ACTION ITEM - Transcribe this listing exactly; omit the pictures.

GIVEN INFORMATION -

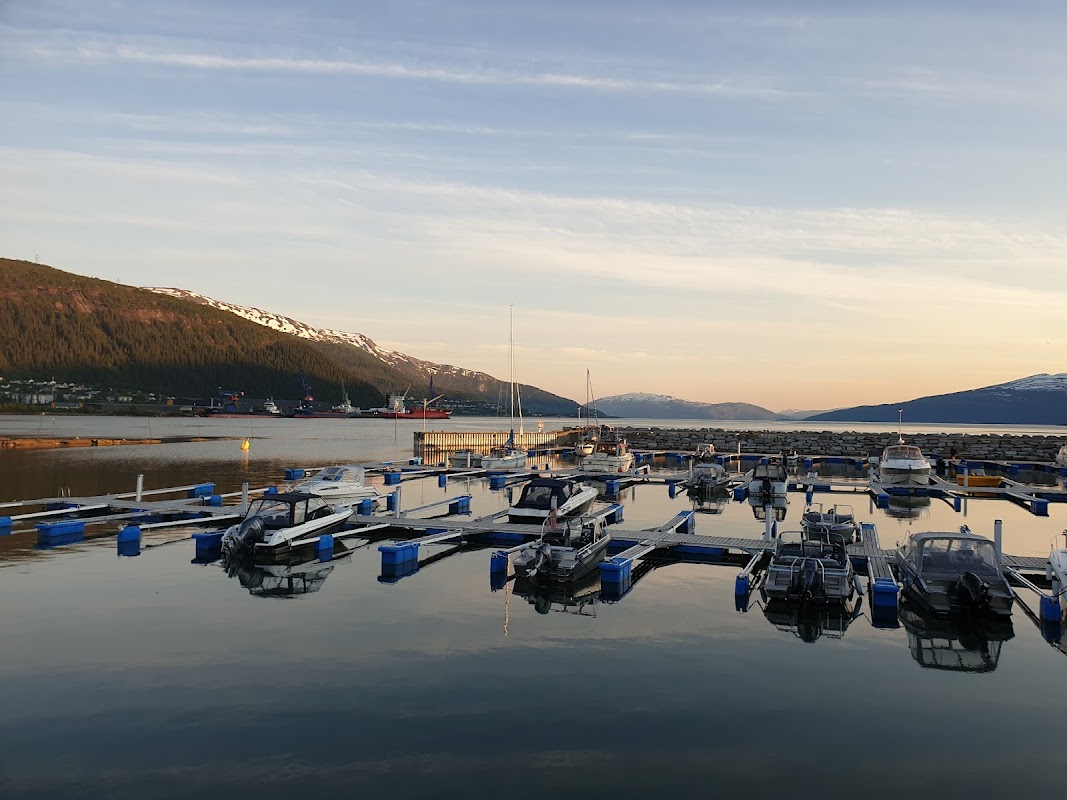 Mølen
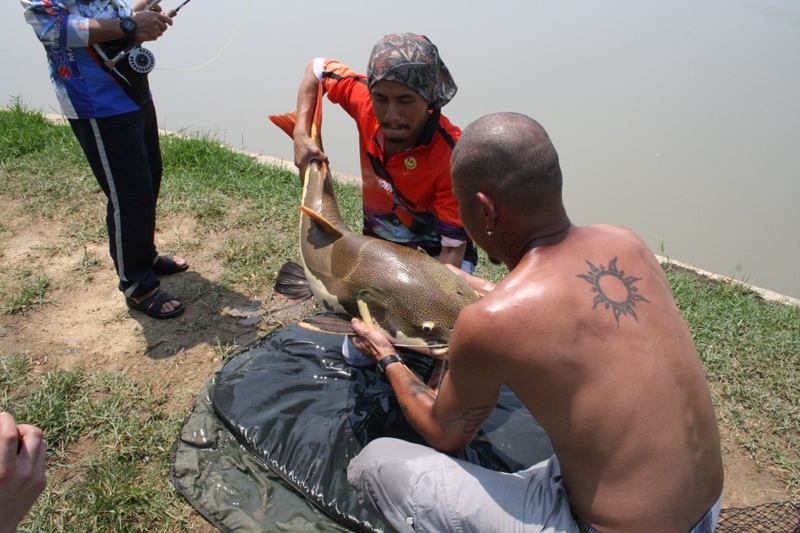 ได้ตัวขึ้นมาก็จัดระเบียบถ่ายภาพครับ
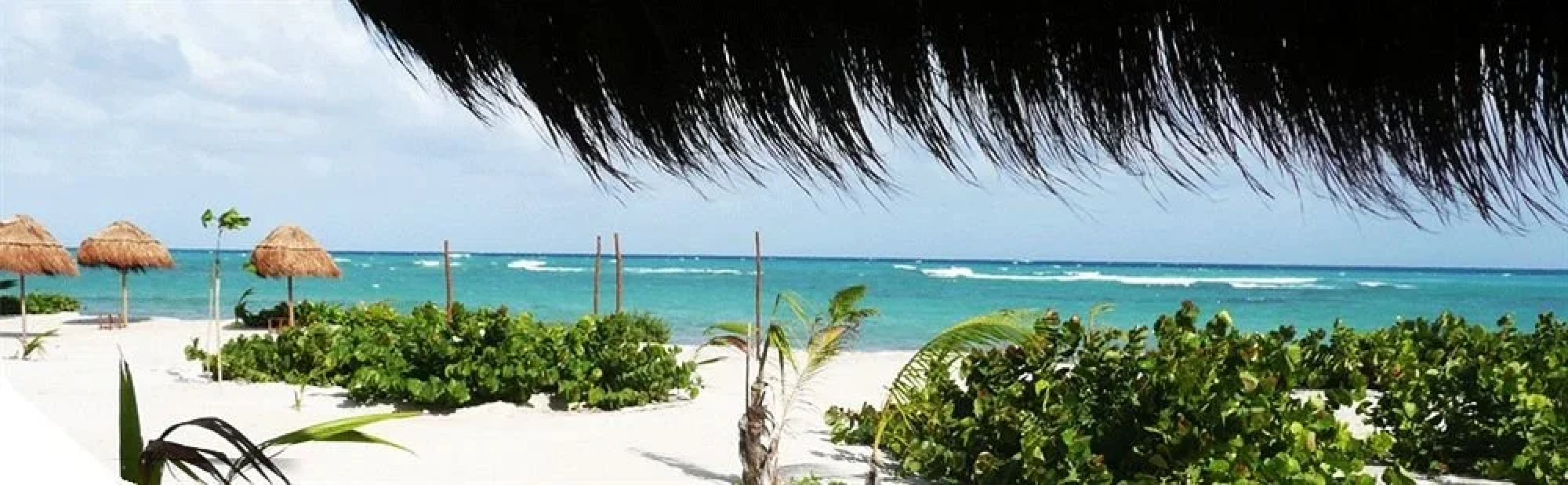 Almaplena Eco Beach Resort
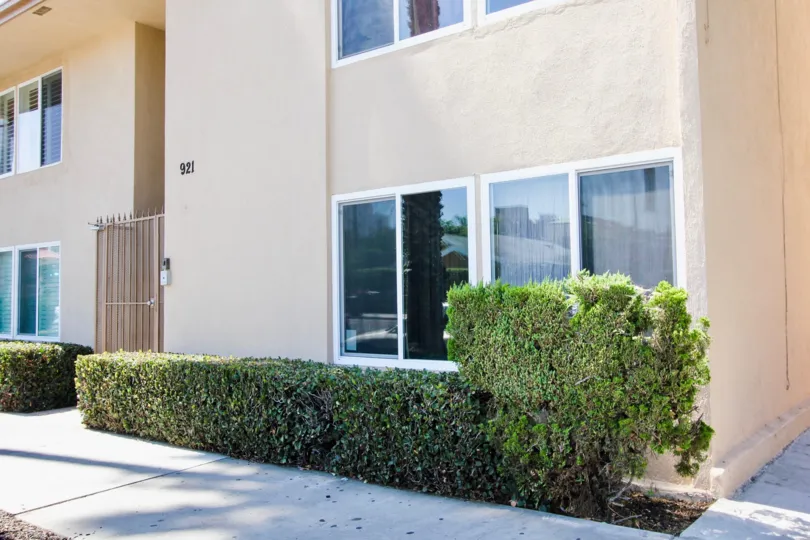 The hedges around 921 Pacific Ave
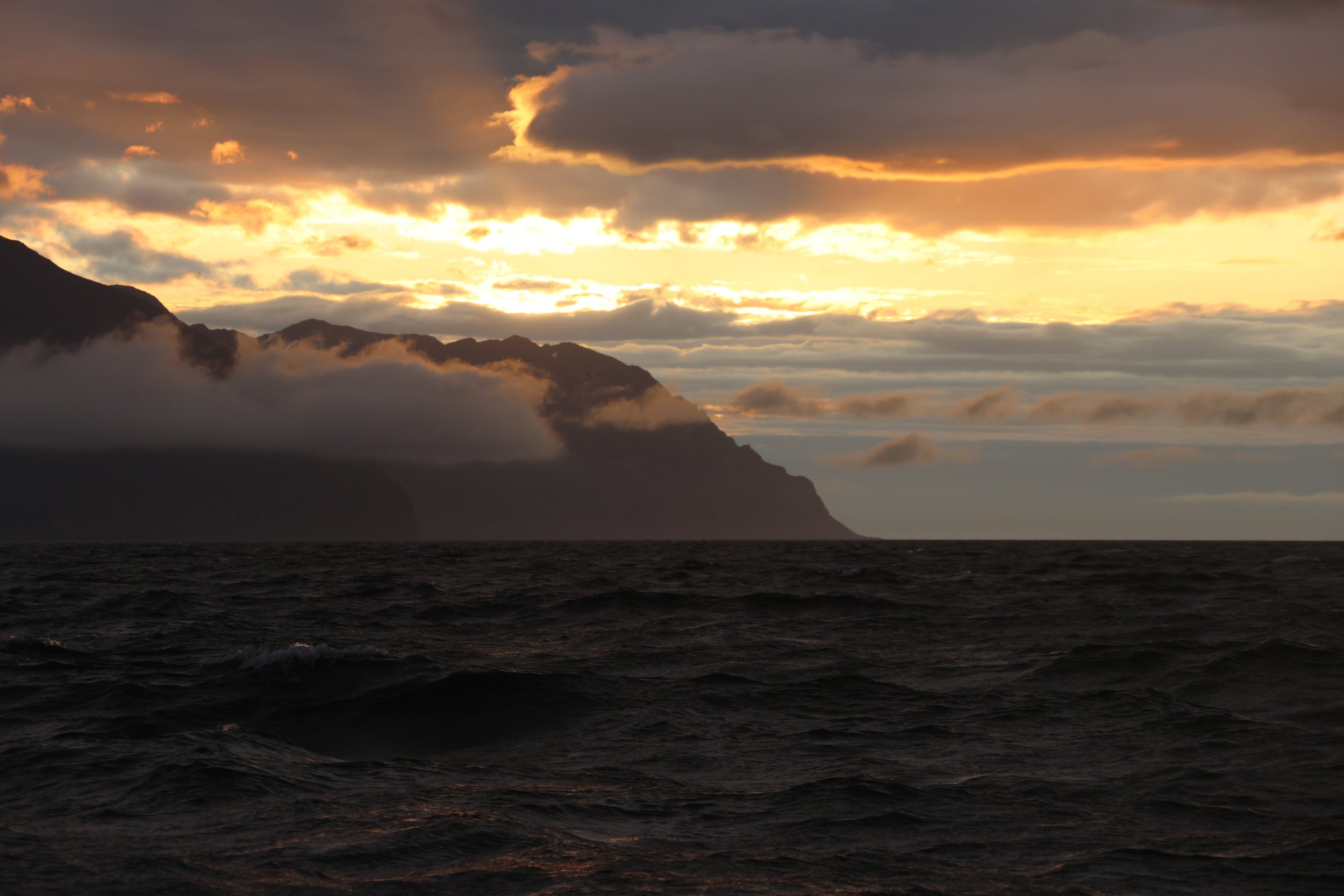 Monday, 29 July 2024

ANSWER BELOW -
 Mølen
 ได้ตัวขึ้นมาก็จัดระเบียบถ่ายภาพครับ
 Almaplena Eco Beach Resort
 The hedges around 921 Pacific Ave
 Monday, 29 July 2024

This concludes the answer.